What extra-curricular activities were you involved in while at RGS, both in and out of school?

Swimming, various drama productions (The Mikado and Midsummer Night’s Dream are particularly fabulous memories), Venture Scouts (amongst the first girls to join Scouts in the area.

What do you wish you’d known back then?

That it will all work out.

What is the one piece of advice you’d give students interested in following a similar career path?

Don’t fixate on a direction to the exclusion of spotting opportunities. Keep an open mind and trust in yourself to take your skills into settings you may not have been in before – all sorts of doors open that you may never have anticipated.

Who was your favourite teacher and why?

Dr Smyth – biology – for being a great teacher and a kind person.

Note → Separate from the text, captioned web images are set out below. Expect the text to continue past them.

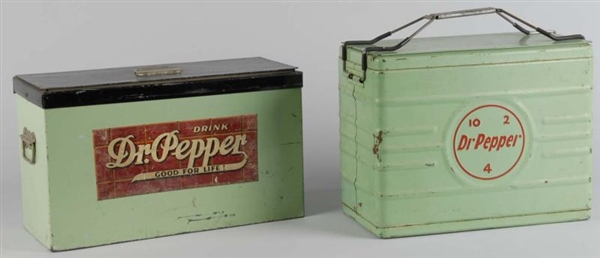 LOT OF 2: DR. PEPPER COOLERS.                     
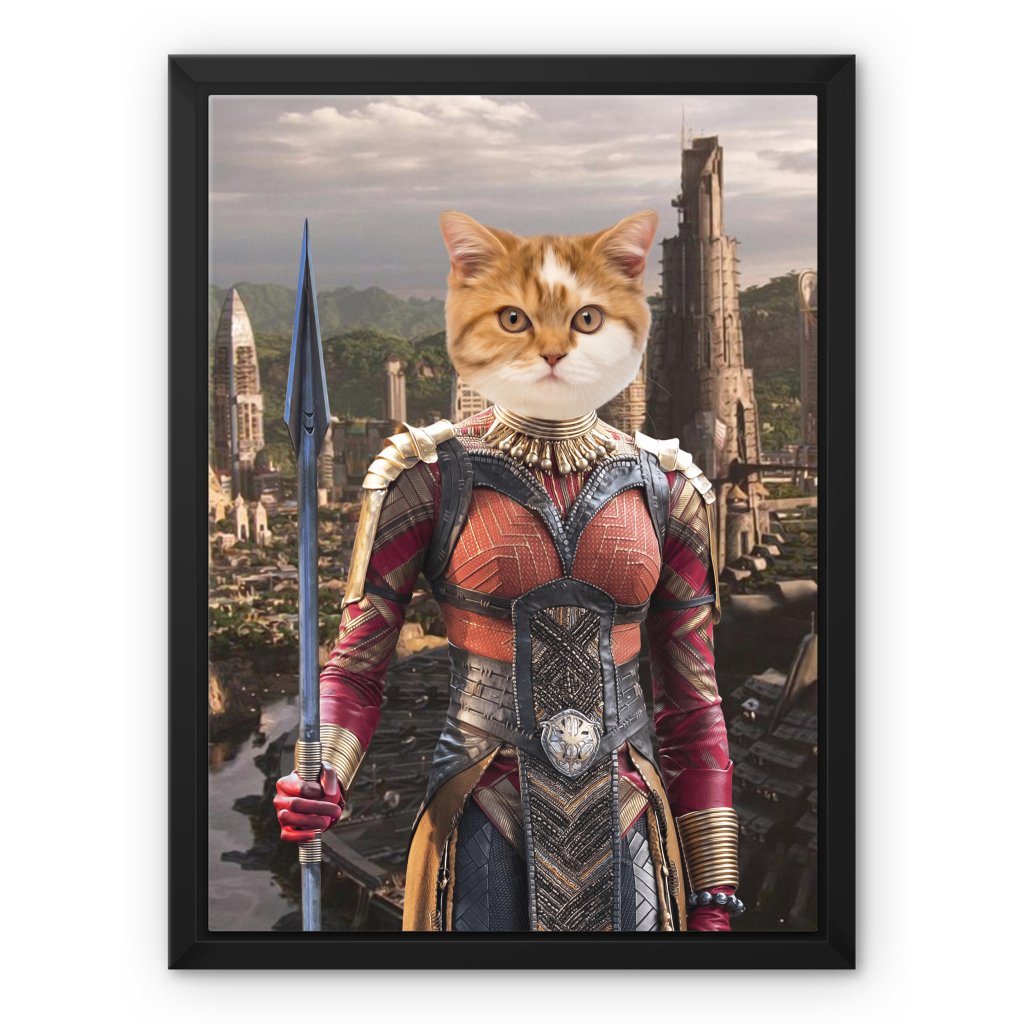 General Okoye (Marvel Inspired): Custom Pet Canvas - Paw & Glory - Dog Portraits - Pet Portraits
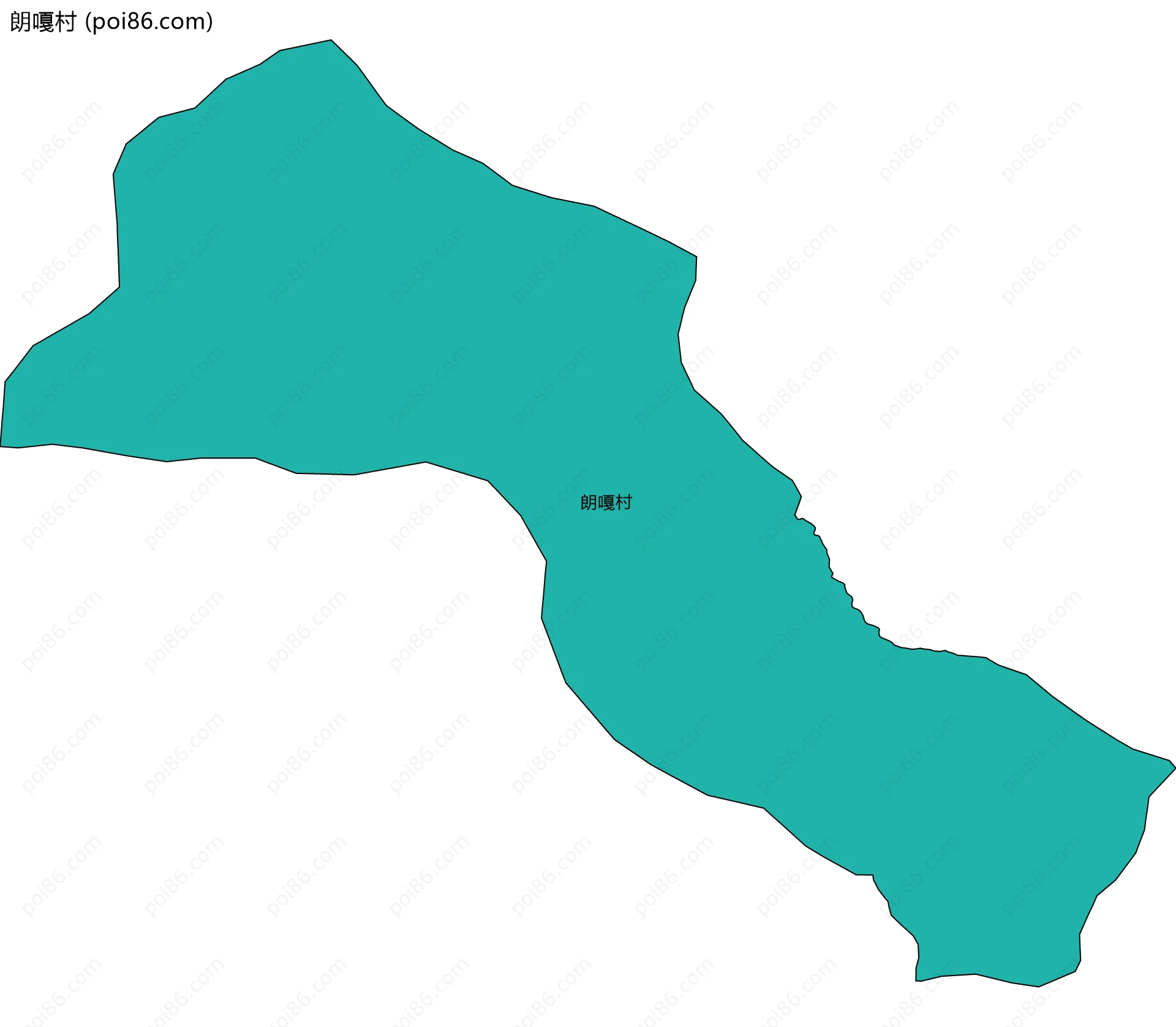 朗嘎村边界地图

Miss Carrick – English – at A-level she just appreciated anyone who was interested in literature and was an all-round interesting person to know.

Miss Swainson – French – just great fun!

Mr Postlethwaite – for being as chuffed with my chemistry grade as he was with those who got in to Oxbridge.

Who or what inspired you when you were at school?

It was the general atmosphere that expected you to make the most of whatever talents you had. No fuss, no overt pressure – it just was expected that you would do your best and so we did.